Roland Marchal : Il faut d’abord comprendre cette décision dans plusieurs cadres. Premièrement, les chefs d’Etat, de façon général et bien au-delà du continent africain, ont su cultiver une impunité pendant leur mandat, impunité consacrée par des textes qui les protègent de politiques et de décisions qu’ils auraient eu à mener. George Bush Jr par exemple n’a jamais été incriminé pour les décisions qu’il a prises après les attentats du 11 septembre. Et ce n’est pas faute, pour l’opposition, d’avoir dénoncé le non-respect des conventions internationales, l’emploi de forces massives, la manipulation du renseignement pour justifier des politiques face à ses propres votants, etc., soit des procédures proprement criminelles. Les dirigeants africains se mettent donc à l’aune de la communauté internationale, ce qui traduit sur le continent une certaine continuité désagréable, du moins en termes d'affichage.

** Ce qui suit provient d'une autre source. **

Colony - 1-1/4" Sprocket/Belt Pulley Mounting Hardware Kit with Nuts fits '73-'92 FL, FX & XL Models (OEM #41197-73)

De plus, du leader honorable au dictateur, tous les chefs d’Etat africains partagent la même méfiance en ce qui concerne les institutions pénales internationales. Par exemple, quand on pense à la CPI, on pense au Soudan et à Omar el-Béchir. Mais très curieusement, la presse et les hommes politiques du monde entier s’intéressent bien moins à Uhuru Kenyatta (président du Kenya depuis le 9 avril 2013, ndlr) qui est soumis également à des procédures de la CPI. Il y a donc cette idée que la CPI travaille pour les grandes puissances occidentales représentées au Conseil de sécurité, qu’il n’y a donc pas vraiment de neutralité de la CPI et que la plupart des chefs d’Etat incriminés l’ont été dans le cadre d’un dispositif international lors duquel ils sont devenus gênants pour certains pays occidentaux. Il y a également l’idée qui n’est pas fausse - mais n’est pas vraie pour autant - que les instances judiciaires internationales fonctionnent de manière biaisée, c’est-à-dire en fonction de demandes de la part de certains Etats occidentaux. En tant qu’analyste, je ne pas sûr que cela soit l’essentiel de la vérité, mais une chose est certaine : la CPI a toujours été incapable de poursuivre des dirigeants adoubés par l’occident et ce qu’on voit avec le Kenya et Kenyatta est l’exception qui constitue la preuve. La CPI dysfonctionne véritablement, de façon à laisser le temps au dirigeant kenyan de nettoyer une partie des turpitudes commises avant la préparation des élections.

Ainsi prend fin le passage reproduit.